Transcript Extractor — SupaData API

Extract transcripts from any video platform with one command. Paste a URL, get the transcript.

Config

API key file: ~/.config/supadata/.env (contains SUPADATA_API_KEY=...)
Base URL: https://api.supadata.ai/v1
Auth header: x-api-key: <key>

Before making API calls, read the key:

SUPADATA_API_KEY=$(grep SUPADATA_API_KEY ~/.config/supadata/.env | cut -d= -f2)

Use this variable in all curl commands below.

Input Parsing

Extract from user input or $ARGUMENTS:

URL — The video/content URL
MODE — What the user wants:
- transcript (default) — Get transcript + metadata for a single URL
- batch — Get transcripts for a playlist, channel, or list of URLs
- translate — Get transcript translated to a target language (YouTube only)
- search — Search YouTube for videos, then optionally get transcripts
- metadata-only — Just get metadata (title, stats, author) without transcript
LANGUAGE — Target language if translating (ISO 639-1 code, e.g., "es", "fr", "de")
FORMAT — text (plain text, default) or timestamped (chunks with timestamps)

If no URL provided, ask:

What video do you want the transcript for?

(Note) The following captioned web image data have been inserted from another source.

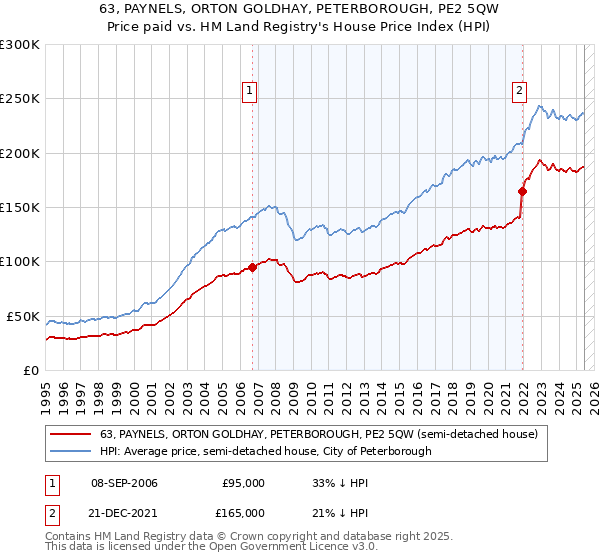 63, PAYNELS, ORTON GOLDHAY, PETERBOROUGH, PE2 5QW: Price paid vs HM Land Registry's House Price Index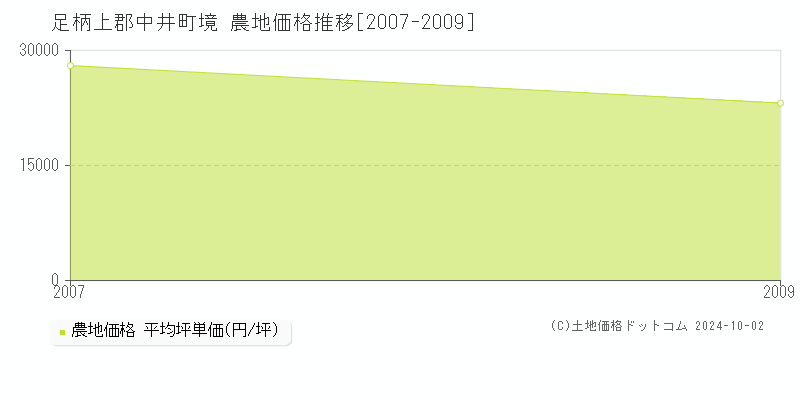 境(足柄上郡中井町)の農地価格推移グラフ(坪単価)[2007-2009年]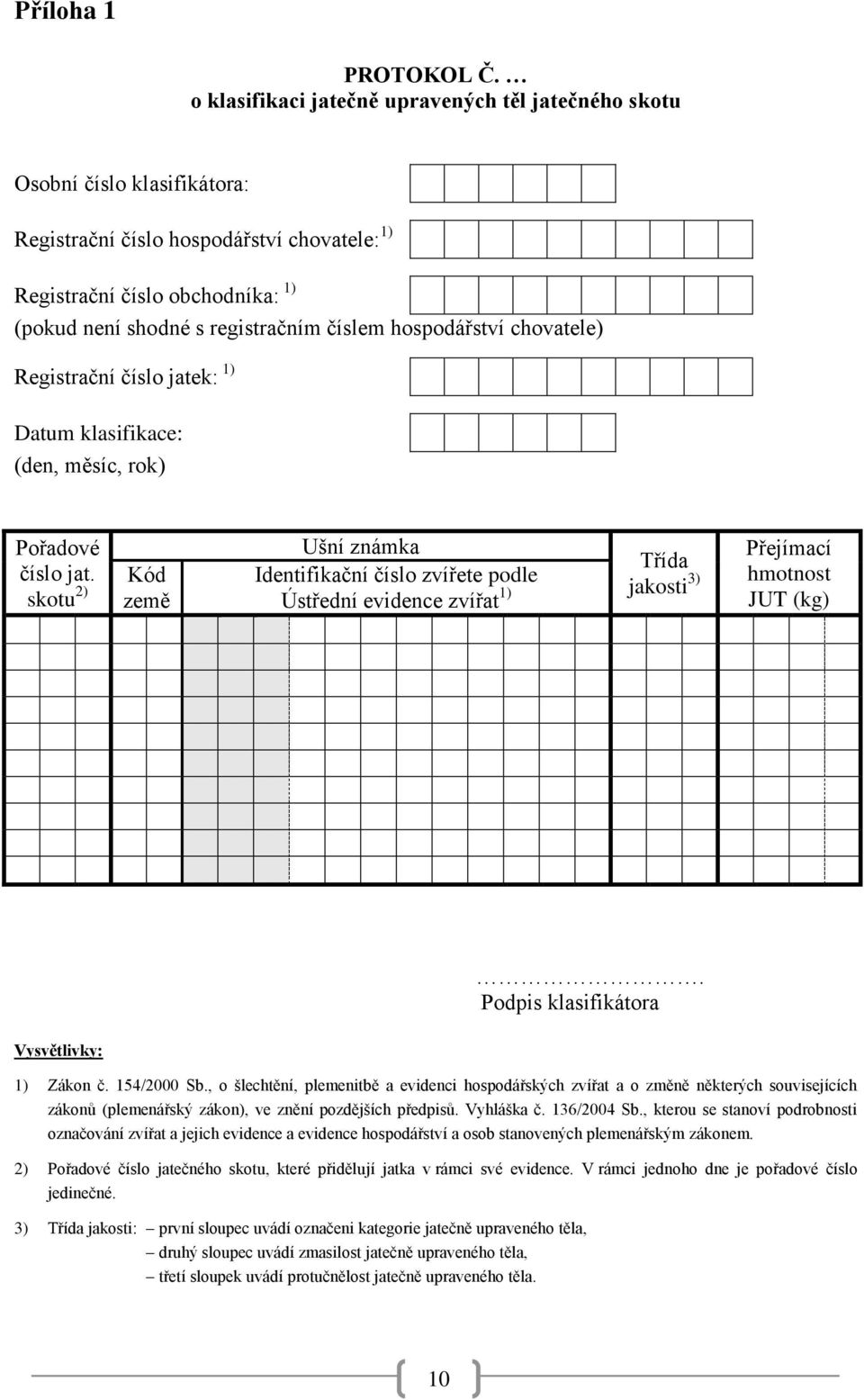 hospodářství chovatele) Registrační číslo jatek: 1) Datum klasifikace: (den, měsíc, rok) Pořadové číslo jat.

Paste the URL.

Supported: YouTube, TikTok, Instagram, X/Twitter, Facebook, or any direct video/audio file URL.

If only a URL is provided, default to transcript + metadata, plain text format. Don't over-ask.

Platform Detection

Detect the platform from the URL to route correctly:

URL Pattern	Platform
`youtube.com`, `youtu.be`, `youtube.com/shorts/`, `youtube.com/live/`	YouTube
`tiktok.com`, `vm.tiktok.com`	TikTok
`instagram.com/reel/`, `instagram.com/p/`, `instagram.com/tv/`	Instagram
`twitter.com`, `x.com`	X/Twitter
`facebook.com`, `m.facebook.com`	Facebook
`.mp4`, `.webm`, `.mp3`, `.wav`, `.flac`, `.m4a`, `.ogg`, `.mpeg`	Direct File
`youtube.com/playlist`, playlist ID	YouTube Playlist
`youtube.com/@`, `youtube.com/channel/`	YouTube Channel
Everything else (non-video URL)	Web page → use `/web/scrape` fallback

Single Transcript Extraction

This is the primary flow — one URL, one transcript.

Step 1: Fetch Metadata

SUPADATA_API_KEY=$(grep SUPADATA_API_KEY ~/.config/supadata/.env | cut -d= -f2)
URL="THE_VIDEO_URL"
curl -s -H "x-api-key: $SUPADATA_API_KEY" \
  "https://api.supadata.ai/v1/metadata?url=$(python3 -c "import urllib.parse; print(urllib.parse.quote('$URL', safe=''))")"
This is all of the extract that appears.